This Wild West justice, with no judge or jury, is not really the focus of Torchwood's actions. It is just something that happens when they try and investigate aliens. Jack points out during the episode that the crime in the 60's that Owen now knows about cannot be presented in a court as the evidence relies on alien technology. Solving crimes is not the purpose of Torchwood it seems. Their purpose is to gather alien tech (so that mankind is ready for the future.) Jack repeats in this episode his phrase "The 21st Century's when it all changes, and you gotta be ready" from the first episode.
The team as such do not set out to "solve crimes", but they are presented with situations where certain members of the team feel compelled to do just that. It is a "sci-fi crime thriller", but crime-solving is not the business of Torchwood. Which is: hunting down alien tech.
The series is no more or less entertaining because of this, but I do find it interesting how the conventions of the crime show are used when they are not really a crime unit. Will the show continue to follow these conventions?

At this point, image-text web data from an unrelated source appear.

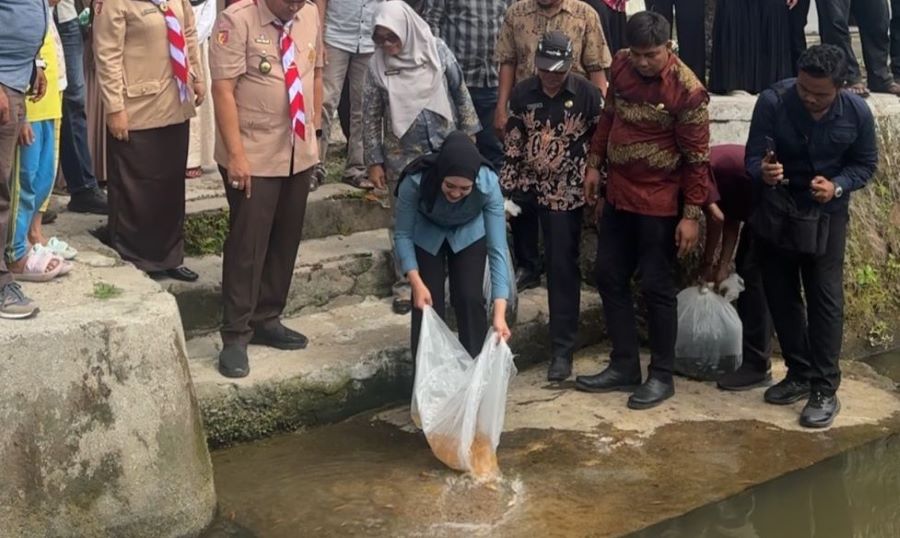 Cindy Monica Tebar 20 Ribu Benih Ikan di Perairan Alami Pariaman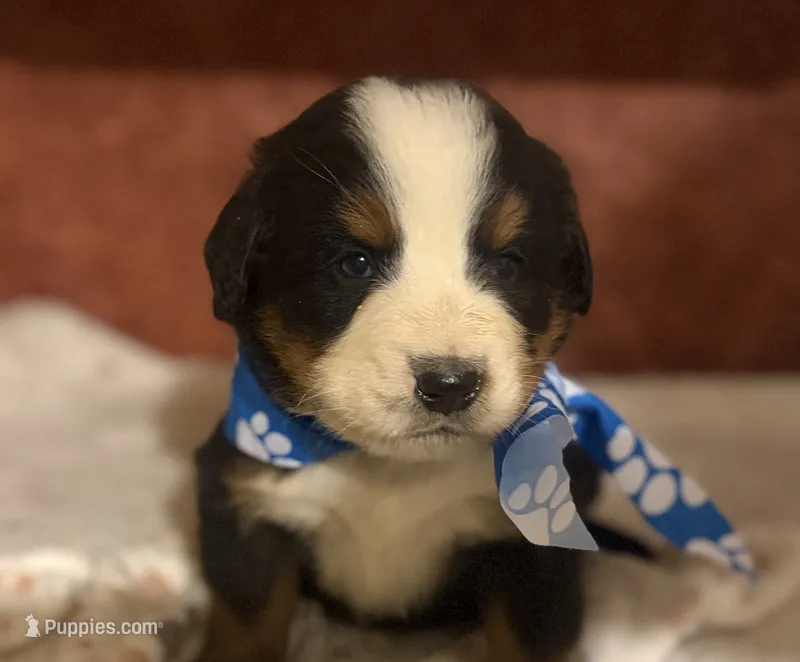 AKC Vinnie – Bernese Mountain Dog puppy for sale in Athens, WI
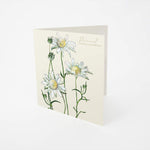 Load image into Gallery viewer, Bell Art Bushgems Card - Flannel Flower
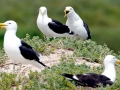 Kelp Seagull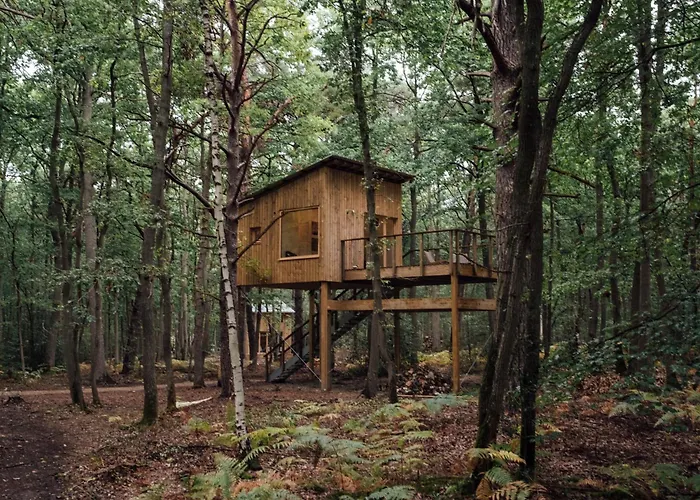 Youza Dans Les Arbres Campsite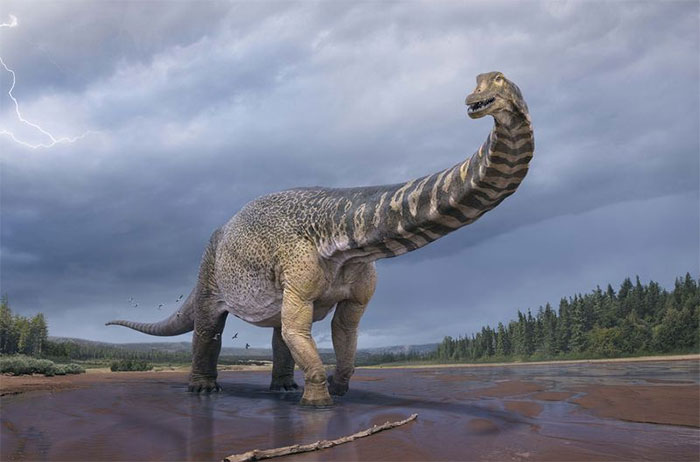 Australia xác định một loài khủng long mới có kích thước lớn nhất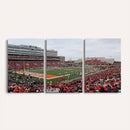 University of Illinois Fighting Illini Football Team Print -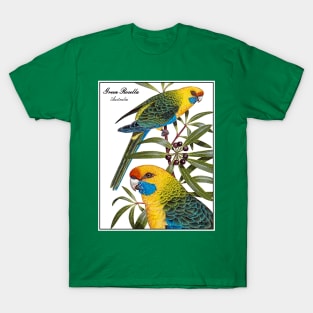 AUSTRALIA : Green Rosella Travel Advertising Print T-Shirt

One slightly ridiculous scene stands out in this episode. The erotically charged firearm lesson on the shooting range between Gwen and Jack is over the top. When Gwen raises her arms in exultation after progressing excitedly from tentative aims to spectacular John Woo-style gunplay, you can't help but laugh. They can't really be wanting that scene to viewed as a parody of similar seductions, but that is how it comes across.
This scene of Gwen's temptation is nicely counterpointed though with the "ghosts" (past strong emotions to be found in her flat by the machine) of her relationship with her boyfriend, and she is not abandoning his lasagnas quite yet it seems, if indeed she ever will.
Quite a good episode then, but it really makes things hard for itself by conjuring up unfavourable comparisons with the superlative The Empty Child/The Doctor Dances (with its very first scene featuring a spooky second world war kid!) Sheesh.
A Review by Finn Clark 14/4/10
It's really, really good. I don't just mean "Torchwood good", which translates as "passable TV with the odd decent bit, but for which the audience will still need some kind of Torchwood tolerance". On the contrary, Ghost Machine probably works better if you've never seen the rest of the show. You'd go away wondering where the Gwen-Jack relationship stuff might be leading, for a start.
Judging by this, it's a real shame that the Doctor Who team keeps asking Helen Raynor to write the big dumb kiddie two-parters. I like The Sontaran Stratagem and even find a lot to enjoy in Daleks in Manhattan, but this is much more interesting. I'm looking forward to her series 2 Torchwood episode, To The Last Man.
We start with a ghost machine. The Torchwood crew are chasing a teenage lout through a shopping centre, which ends with Gwen laying her hands on an unknown alien artefact. Naturally she presses its button. Hey, it's Torchwood we're talking about here. Unfortunately, the object is neither a flesh-shredder, a clothing disintegration ray nor a teleporter aimed at the heart of the sun, but instead it shows her images from the past, specifically a little boy being evacuated from the Blitz to Cardiff back in 1941. He's lonely. This is important.
This is a great beginning and things only get better. What I love about this is the way it gives an opportunity for a lovely old actor to come in and charm the pants off us for a scene that's theoretically a waste of script space but in practice is simply enchanting. Gwen tracks down this boy, you see. He's now in his seventies and being played by John Normington. They could have just filmed him reading the telephone directory and still had something better and more human than almost all of Torchwood.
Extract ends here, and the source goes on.